Dr. Niyi Osundare, a Nigerian PEN member, had moved to New Orleans for specialized education for one of his daughters and was also a member of the African Writers Abroad PEN Center. Recounted here is my talk to the Translation and Linguistic Rights Committee a few months after the Bled Congress, in September 2005. Only as I recently read the end of my paper did I grasp the connections and the range of PEN’s reach and work. My observations at the time:
The theme of the 8th Ohrid P.E.N. Conference—Writer Within and Without a Homeland—struck a particularly sonorous chord as I was preparing to come here.
In the U.S. the question of homeland has been on the national consciousness for the past month as one of America’s most diverse and multi-lingual cities—New Orleans—has literally disappeared. Its population evacuated as the city sank into the waters of the Gulf of Mexico. A large portion of the Gulf coast also fled in the face of Hurricane Katrina. Over a million people dispersed throughout the land in one of the largest displacements in the nation’s history. Many will never return to their homes.
In Europe and Africa, Asia and Latin America even larger displacements have occurred in the last century, often because of war, famine, politics, and also weather. All of us remember the disappearance of towns and villages and whole sections of coasts in the countries hit by the tsunami last December.
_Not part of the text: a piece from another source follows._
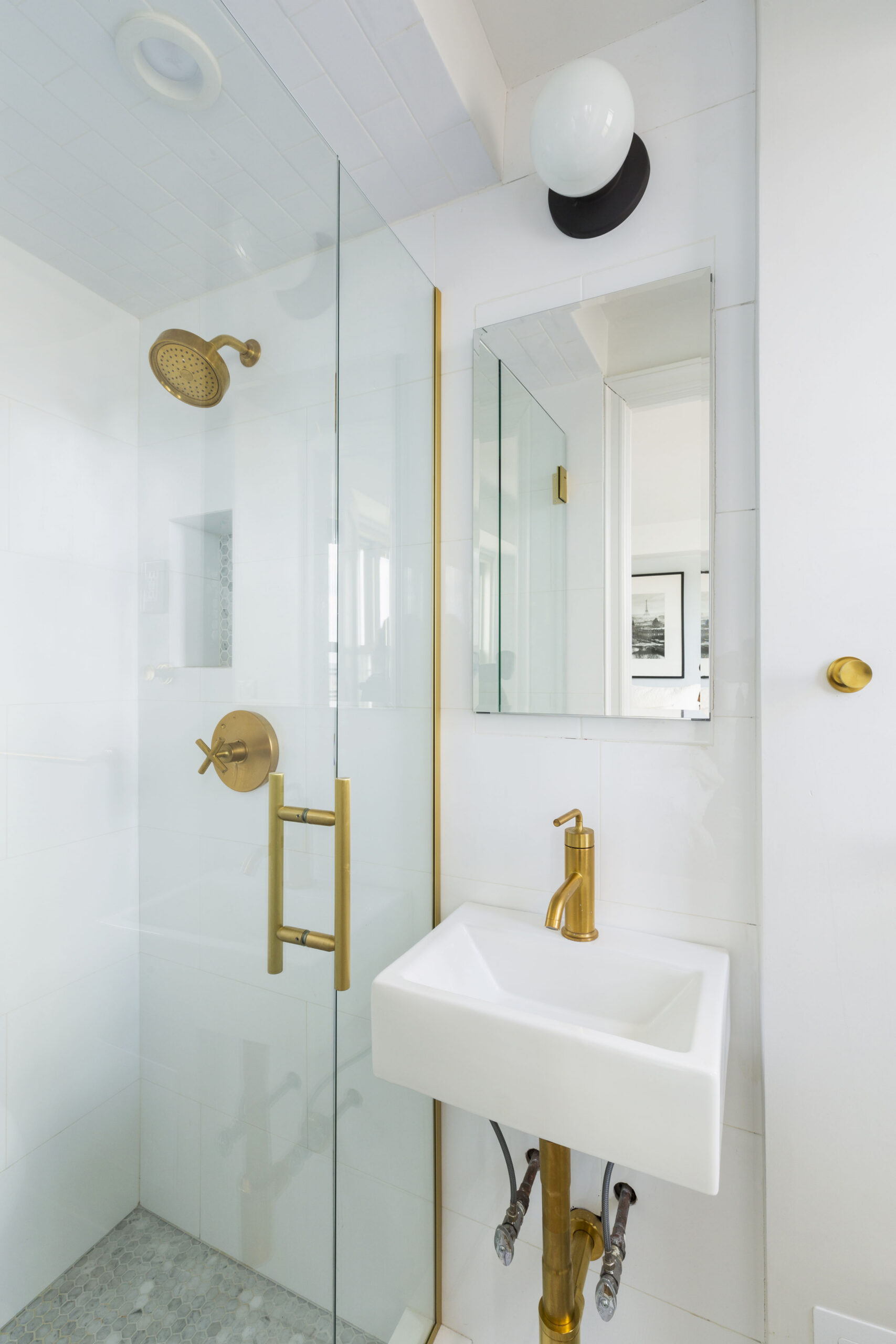 Small bathroom with brass fixtures, overhead lighting, and white shower tile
When a home is suddenly gone, family scattered, livelihood and career and ambitions all uprooted, one is forced to consider what endures, and what one can take with him. Home moves from a physical place to a place in consciousness.
The ability to speak with others and to tell the story is especially important and makes the idea of language as homeland compelling, also imagination as homeland, literature and art as homeland, and particularly relevant to PEN, a community of fellowship as homeland.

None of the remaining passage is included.